• _THE PROBLEM_: After locating "Bed Frame Donkergrijs 90X190 Cm Stof Crème" in the listing below, copy that line and each one after it exactly, ending with the line that has "China 4k 60Hz".

• _TASK DATA_:
++++++
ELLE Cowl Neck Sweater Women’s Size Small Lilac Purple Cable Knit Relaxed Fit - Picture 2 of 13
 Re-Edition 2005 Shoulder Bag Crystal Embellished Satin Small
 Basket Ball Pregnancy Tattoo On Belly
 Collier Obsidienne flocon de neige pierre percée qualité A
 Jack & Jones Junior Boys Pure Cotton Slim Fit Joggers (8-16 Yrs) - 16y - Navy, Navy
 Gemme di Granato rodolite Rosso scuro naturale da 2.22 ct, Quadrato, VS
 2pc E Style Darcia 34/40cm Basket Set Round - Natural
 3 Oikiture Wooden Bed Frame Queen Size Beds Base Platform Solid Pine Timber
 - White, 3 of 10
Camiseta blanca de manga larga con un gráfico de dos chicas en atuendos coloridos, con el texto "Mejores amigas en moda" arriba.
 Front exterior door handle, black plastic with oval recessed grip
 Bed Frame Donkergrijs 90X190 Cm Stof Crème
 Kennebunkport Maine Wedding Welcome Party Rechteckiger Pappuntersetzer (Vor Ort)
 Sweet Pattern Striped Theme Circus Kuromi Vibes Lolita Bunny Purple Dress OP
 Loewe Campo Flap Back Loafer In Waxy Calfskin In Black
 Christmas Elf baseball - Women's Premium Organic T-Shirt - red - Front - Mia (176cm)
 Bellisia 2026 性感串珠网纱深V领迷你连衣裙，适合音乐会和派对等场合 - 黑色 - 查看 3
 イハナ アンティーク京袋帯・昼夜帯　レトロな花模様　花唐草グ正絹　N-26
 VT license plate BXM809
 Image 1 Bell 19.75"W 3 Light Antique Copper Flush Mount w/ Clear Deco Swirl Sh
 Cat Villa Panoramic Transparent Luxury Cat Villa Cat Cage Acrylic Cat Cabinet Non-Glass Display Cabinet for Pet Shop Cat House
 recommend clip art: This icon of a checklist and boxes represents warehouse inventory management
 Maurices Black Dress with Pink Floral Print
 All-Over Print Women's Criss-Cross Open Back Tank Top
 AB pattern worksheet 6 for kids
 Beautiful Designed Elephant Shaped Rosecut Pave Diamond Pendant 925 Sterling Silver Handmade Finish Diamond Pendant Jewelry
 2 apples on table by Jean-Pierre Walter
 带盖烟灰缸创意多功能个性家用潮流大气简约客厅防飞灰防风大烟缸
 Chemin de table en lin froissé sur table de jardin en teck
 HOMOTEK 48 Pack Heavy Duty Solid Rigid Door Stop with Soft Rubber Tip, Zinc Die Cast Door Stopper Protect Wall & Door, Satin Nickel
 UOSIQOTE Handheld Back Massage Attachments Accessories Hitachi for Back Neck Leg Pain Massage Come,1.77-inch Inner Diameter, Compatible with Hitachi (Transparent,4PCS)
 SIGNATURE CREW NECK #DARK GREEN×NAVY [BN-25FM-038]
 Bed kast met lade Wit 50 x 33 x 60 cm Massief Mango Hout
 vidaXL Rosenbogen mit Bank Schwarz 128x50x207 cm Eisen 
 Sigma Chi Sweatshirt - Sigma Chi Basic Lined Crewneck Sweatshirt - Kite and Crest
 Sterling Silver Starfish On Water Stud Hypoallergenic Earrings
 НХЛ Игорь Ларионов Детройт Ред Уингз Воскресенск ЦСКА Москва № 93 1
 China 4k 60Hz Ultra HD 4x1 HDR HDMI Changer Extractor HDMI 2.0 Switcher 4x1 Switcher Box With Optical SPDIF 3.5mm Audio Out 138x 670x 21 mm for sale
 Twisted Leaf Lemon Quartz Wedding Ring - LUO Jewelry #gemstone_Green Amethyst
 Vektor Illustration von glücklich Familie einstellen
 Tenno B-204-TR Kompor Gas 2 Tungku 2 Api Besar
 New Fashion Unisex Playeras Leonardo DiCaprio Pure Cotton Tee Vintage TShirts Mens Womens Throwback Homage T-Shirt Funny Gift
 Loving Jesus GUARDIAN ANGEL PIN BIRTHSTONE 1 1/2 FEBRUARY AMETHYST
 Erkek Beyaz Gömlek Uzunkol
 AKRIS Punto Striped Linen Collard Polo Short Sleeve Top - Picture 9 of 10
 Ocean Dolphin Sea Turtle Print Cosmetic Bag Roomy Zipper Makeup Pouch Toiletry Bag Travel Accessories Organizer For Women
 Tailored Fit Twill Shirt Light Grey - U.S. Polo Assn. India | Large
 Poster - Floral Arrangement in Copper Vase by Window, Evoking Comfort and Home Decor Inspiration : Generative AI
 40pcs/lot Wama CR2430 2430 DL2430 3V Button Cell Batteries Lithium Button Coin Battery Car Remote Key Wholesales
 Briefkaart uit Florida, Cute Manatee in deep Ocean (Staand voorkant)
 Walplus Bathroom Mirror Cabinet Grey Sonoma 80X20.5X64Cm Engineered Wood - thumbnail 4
++++++
• _OUTPUT FOR THIS TASK_:
 Bed Frame Donkergrijs 90X190 Cm Stof Crème
 Kennebunkport Maine Wedding Welcome Party Rechteckiger Pappuntersetzer (Vor Ort)
 Sweet Pattern Striped Theme Circus Kuromi Vibes Lolita Bunny Purple Dress OP
 Loewe Campo Flap Back Loafer In Waxy Calfskin In Black
 Christmas Elf baseball - Women's Premium Organic T-Shirt - red - Front - Mia (176cm)
 Bellisia 2026 性感串珠网纱深V领迷你连衣裙，适合音乐会和派对等场合 - 黑色 - 查看 3
 イハナ アンティーク京袋帯・昼夜帯　レトロな花模様　花唐草グ正絹　N-26
 VT license plate BXM809
 Image 1 Bell 19.75"W 3 Light Antique Copper Flush Mount w/ Clear Deco Swirl Sh
 Cat Villa Panoramic Transparent Luxury Cat Villa Cat Cage Acrylic Cat Cabinet Non-Glass Display Cabinet for Pet Shop Cat House
 recommend clip art: This icon of a checklist and boxes represents warehouse inventory management
 Maurices Black Dress with Pink Floral Print
 All-Over Print Women's Criss-Cross Open Back Tank Top
 AB pattern worksheet 6 for kids
 Beautiful Designed Elephant Shaped Rosecut Pave Diamond Pendant 925 Sterling Silver Handmade Finish Diamond Pendant Jewelry
 2 apples on table by Jean-Pierre Walter
 带盖烟灰缸创意多功能个性家用潮流大气简约客厅防飞灰防风大烟缸
 Chemin de table en lin froissé sur table de jardin en teck
 HOMOTEK 48 Pack Heavy Duty Solid Rigid Door Stop with Soft Rubber Tip, Zinc Die Cast Door Stopper Protect Wall & Door, Satin Nickel
 UOSIQOTE Handheld Back Massage Attachments Accessories Hitachi for Back Neck Leg Pain Massage Come,1.77-inch Inner Diameter, Compatible with Hitachi (Transparent,4PCS)
 SIGNATURE CREW NECK #DARK GREEN×NAVY [BN-25FM-038]
 Bed kast met lade Wit 50 x 33 x 60 cm Massief Mango Hout
 vidaXL Rosenbogen mit Bank Schwarz 128x50x207 cm Eisen 
 Sigma Chi Sweatshirt - Sigma Chi Basic Lined Crewneck Sweatshirt - Kite and Crest
 Sterling Silver Starfish On Water Stud Hypoallergenic Earrings
 НХЛ Игорь Ларионов Детройт Ред Уингз Воскресенск ЦСКА Москва № 93 1
 China 4k 60Hz Ultra HD 4x1 HDR HDMI Changer Extractor HDMI 2.0 Switcher 4x1 Switcher Box With Optical SPDIF 3.5mm Audio Out 138x 670x 21 mm for sale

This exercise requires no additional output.